With Tawang as a sensitive sector in the ongoing India-China border dispute, the importance of these local disaffections must be factored in with regard to Indian state-making in the region. In addition, the Buddhist population in the Himalayan belt is the core constituency with regard to the reincarnation of the 14th Dalai lama with long-term implications for Tibet, India and China.
About the Speaker
Dr. Sonika Gupta is an Associate Professor of Global Politics at the Department of Humanities and Social Sciences, Indian Institute of Technology Madras, Chennai, India.
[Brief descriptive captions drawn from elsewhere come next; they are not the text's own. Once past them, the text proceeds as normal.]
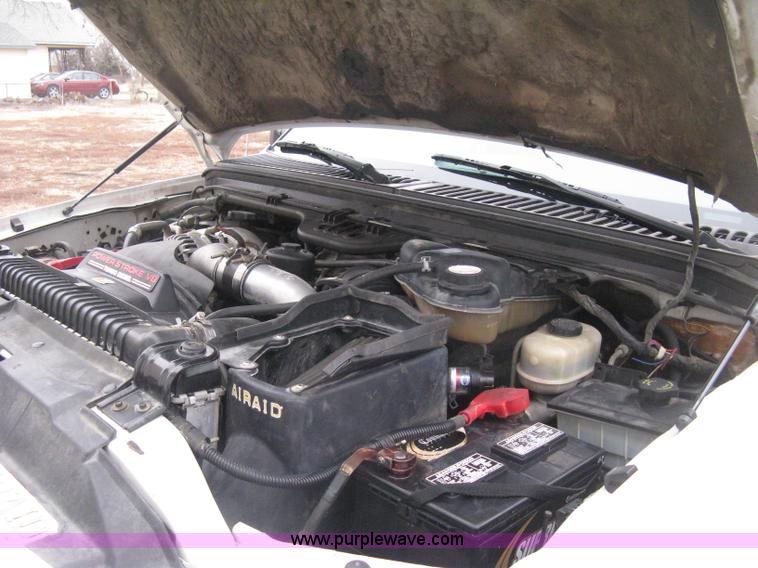 image for item E3082 2004 Ford F250 XLT Super Duty flatbed truck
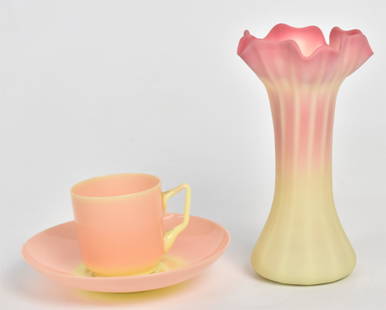 Two Burmese Vase & Cup And Saucer: Delicate 6" Webb acid vase with petal top rim & ribbed body, a shiny Mt Washington 2 1/4"demitasse cup with 5 1/4"dia saucer. Beautiful colors. Good condition..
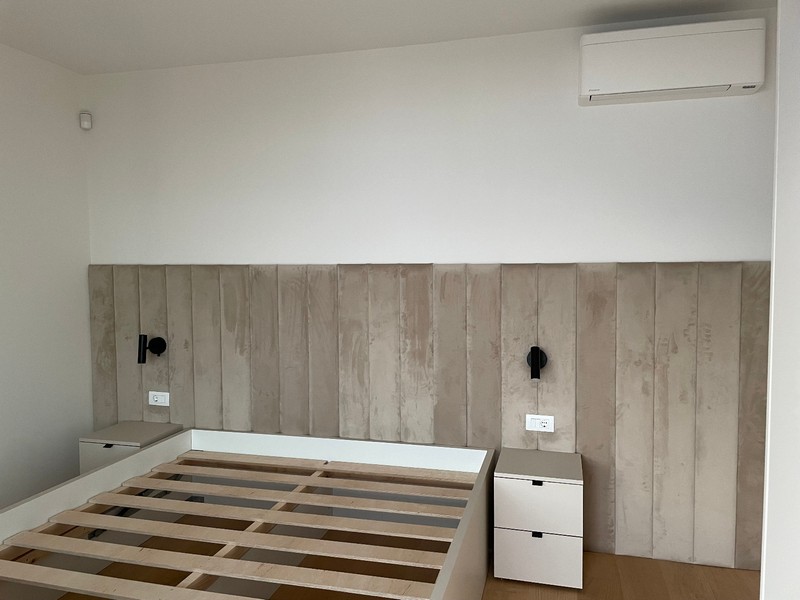 Minimalistyczna sypialnia z wbudowanym łóżkiem i klimatyzacją w mieszkaniu w Rijece.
Her research interests include the Tibetan Exile Community in India, State-making in India's Himalayan Borders and Cosmopolitanism and International Relations Theory. The ongoing work of her research group, Tibetscapes, is accessible at https://tibetscapes.wordpress.com/.
About the Chair
Dr. Nimmi Kurian is a Professor at the Centre for Policy Research, New Delhi. Her research focuses on Asian borderlands and looks in particular at the intersections between capital and ecology, federalism and foreign policy, resources and rights. Dr. Kurian is a member of the External Advisory Board of the India China Institute, The New School, New York and has served on the Fellowship Committee of the China Studies Postdoctoral Fellowship Programme, Centre for China Studies, Ashoka University. She has held Fellowships from the India China Institute, The New School, New York and the Charles Wallace India Trust. Dr. Kurian has written and published widely on alternative spatial imaginations, a theme that is explored in detail in her two books, India-China Borderlands: Conversations Beyond the Centre (Sage, 2014) and India and China: Rethinking Borders and Security (co-author) (University of Michigan Press, 2016).